Andrew Jarecki and Robert Durst in The Jinx.
Photo: Courtesy of HBO
The Jinx, the latest from Capturing the Friedmans director Andrew Jarecki, is being sold as an HBO series rather than a documentary. That’s a sensible decision, but it also hints at why it’s such a irksome piece of work.
The miniseries retells the story of accused murderer Robert Durst, part of the Durst clan of Manhattan real-estate moguls. That in itself isn’t noteworthy. Anyone who’s fascinated by true crime probably knows at least some of the details. The first installment, which airs Sunday, rehashes the 2001 murder and dismemberment of Galveston, Texas, resident Morris Black, and the 1982 disappearance of Durst’s then-wife Kathleen McCormack, who had warned friends that Durst was a cold, controlling, frightening person. It avoids getting into another murder that some have attributed to Durst: the 2000 shooting in Benedict Canyon, California, of Durst’s friend Susan Berman, who was on the verge of telling New York Police what she claimed was new information about McCormack’s disappearance.
What is noteworthy is the onscreen presence of Durst himself. He contacted Jarecki after seeing his 2010 film All Good Things, a drama loosely based on Durst, and ended up agreeing to sit for a series of conversations with the filmmaker. HBO only made the first two episodes of The Jinx available for review, so I can’t judge the totality the series. But what I’ve seen is troublesome, and not in a good way.

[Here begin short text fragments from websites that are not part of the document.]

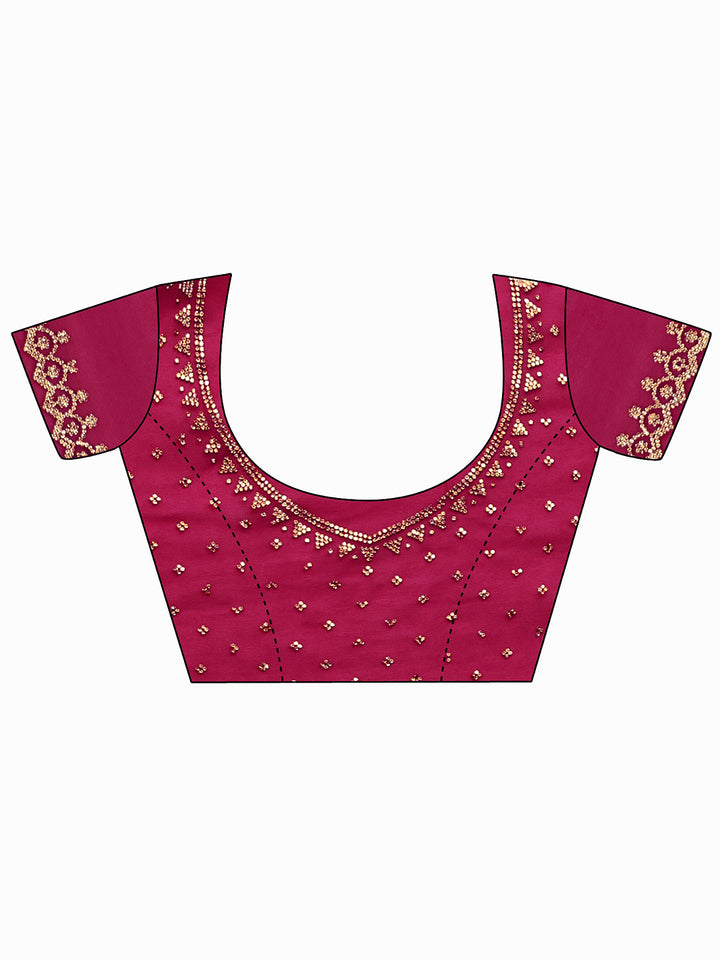 Libas Magenta Pink Floral Embellished Georgette Saree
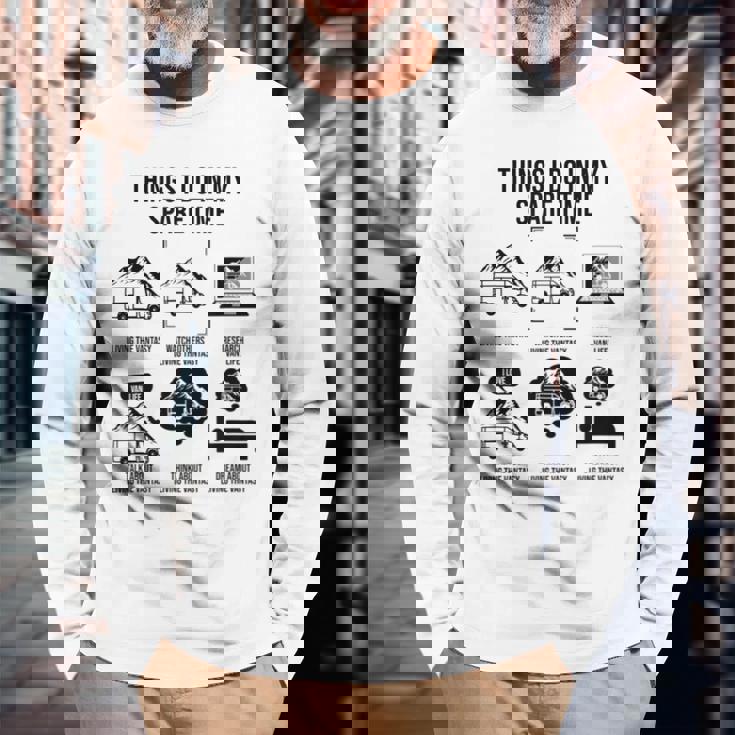 暇なときにやること、キャンピングカー、キャンピングカー 長袖Tシャツ 高齢者への贈り物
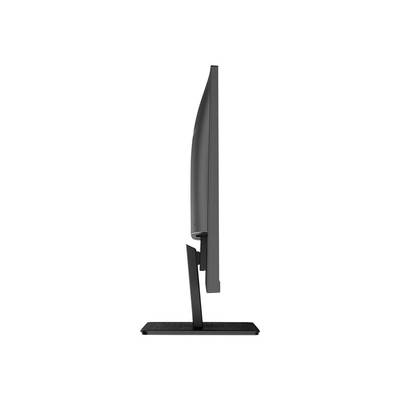 'Zijaanzicht van een flatscreen-monitor op een standaard.'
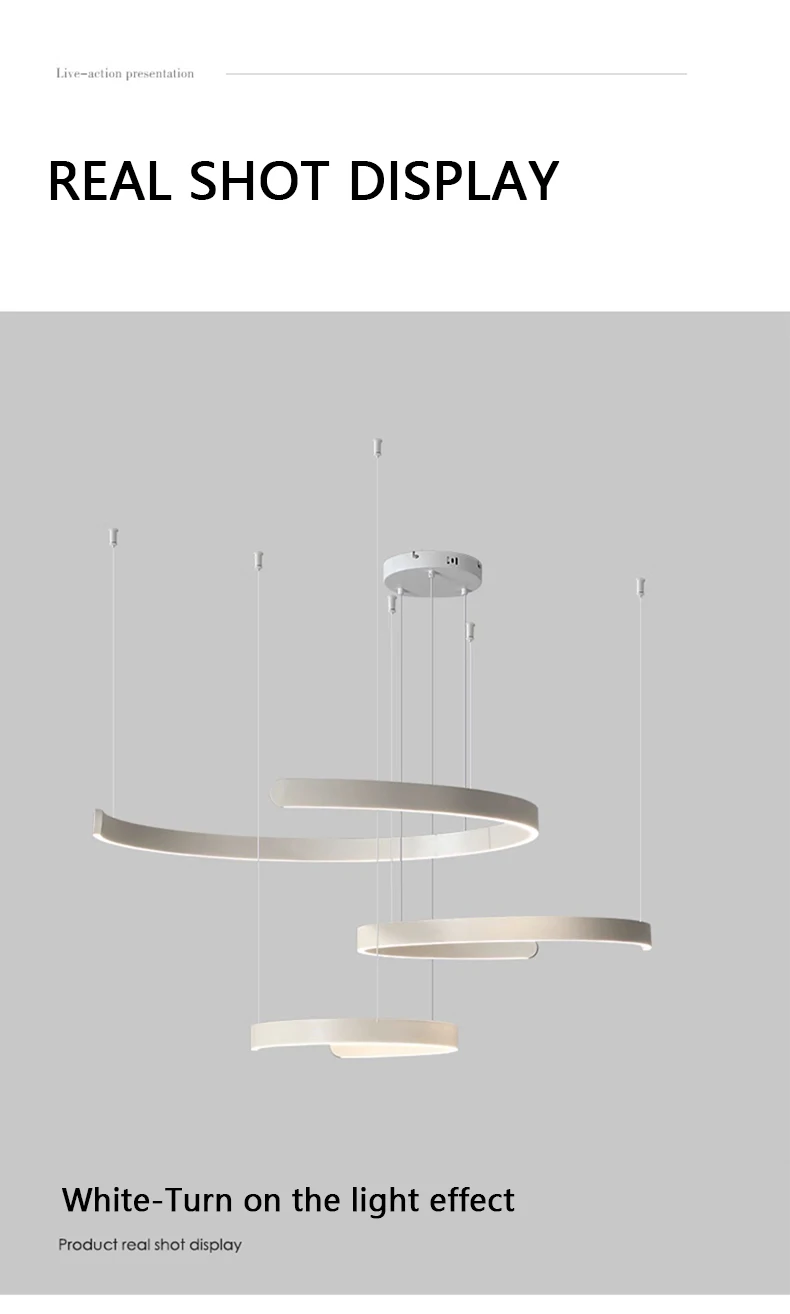 Modern Salon Design Ring Ceiling Chandelier image 26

Legally speaking — and somewhat incredibly, given the overwhelming evidence — Durst can’t be called a murderer. Although he admitted to dismembering Black’s body with a paring knife, two saws, and an ax during his 2003 trial, the jury acquitted him. (As defense attorney Gary Fischetti told New York, “This is not some sort of scientific finding of guilt or innocence. They’re not saying he was innocent. They’re saying that with what they were given for proof, it wasn’t done.”)
But Durst is still a vile presence, and unlike other nonfiction films built around people who are definitely or very likely responsible for other people’s violent deaths — such as Errol Morris’s The Fog of War and Robert Oppenheimer’s The Act of Killing — you never get the sense that the filmmaker is pushing beyond prurient interest to uncover a deeper truth, much less discovering something within the subject that makes him seem theoretically redeemable, or at least recognizably human.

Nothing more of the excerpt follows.